Societal shift from pandemic creates opportunities for startups

Hajime Furuya, director of the Startup and New Business Promotion Office at the Ministry of Economy, Trade and Industry, talks about the J-Startup program, which was launched to support promising startups that can compete in the international arena.

Innovative technologies and business models are what drive the growth of startups. As industrial structures and people’s values shift, companies in the types of business that can help solve issues faced by society are attracting attention. Recently, some startups are trying to capture demand that is emerging in association with societal changes induced by the coronavirus pandemic.

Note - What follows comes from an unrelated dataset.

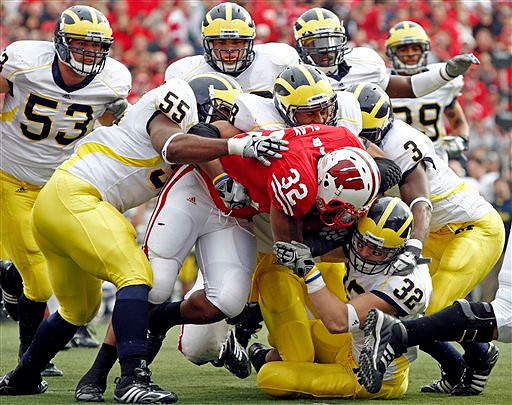 Ryan Van Bergen (53), Brandon Graham (55), Mike Martin (68), Jordan Kovacs (32), Stevie Brown (3), and Troy Woolfolk (29)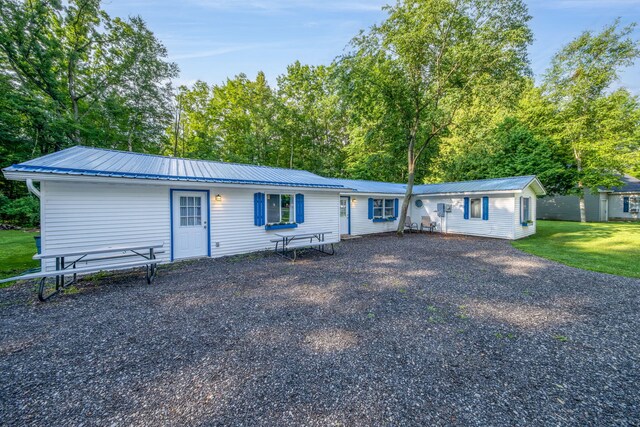 1051 Vallado Dr, Weidman, MI 48893 - view of front of house featuring a metal roof, a front yard, driveway, and view of wooded area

In this article, the METI Journal speaks with an official who is supporting the endeavors of promising companies that are expected to take roles in social reform using the kind of inspiration and flexibility that startups are known for.

Supporting 139 startups

The Ministry of Economy, Trade and Industry’s J-Startup program has been providing significant support to 139 promising startups since its inception in June 2018. Its aim is to produce companies that can compete in the international arena.

Since its inception in 2018, the J-Startup initiative has provided support to 139 companies selected through the program.

Companies receiving the program’s support include many that have grown into unicorns — unlisted companies that are evaluated highly by the market and whose corporate value or market capitalization is at least $1 billion.

They include Spiber Inc., which develops next-generation fibers inspired by spider silk, and Preferred Networks Inc., known as PFN, that boasts artificial intelligence technology that sees high demand from large companies.

At first look, companies under the J-Startup program may appear mainly to be those in businesses that take advantage of cutting-edge technologies in sectors such as AI, robotics, drones and aerospace. But in fact the businesses are more varied, from businesses in resource recycling or environment- and energy-related areas that impact regional economies, to companies with technology that can support an aging society and services that help people solve issues they face in their daily lives.

In particular, with the spread of coronavirus transforming society and people’s living environments, new needs and lifestyles are emerging, and there is growing demand for technology and services that can address them.

“Society’s needs are increasingly diverse,” Hajime Furuya, director of METI’s Startup and New Business Promotion Office, said. “That’s why the role of startups that provide services that are fine-tuned to such needs is growing in importance.”

In its early period, the J-Startup program’s focus was on increasing the legitimacy of startups in society’s eye and producing role models, but three years in, officials are starting to feel the need to enhance its support by tailoring measures to each developmental stage of the business and to different growth strategies.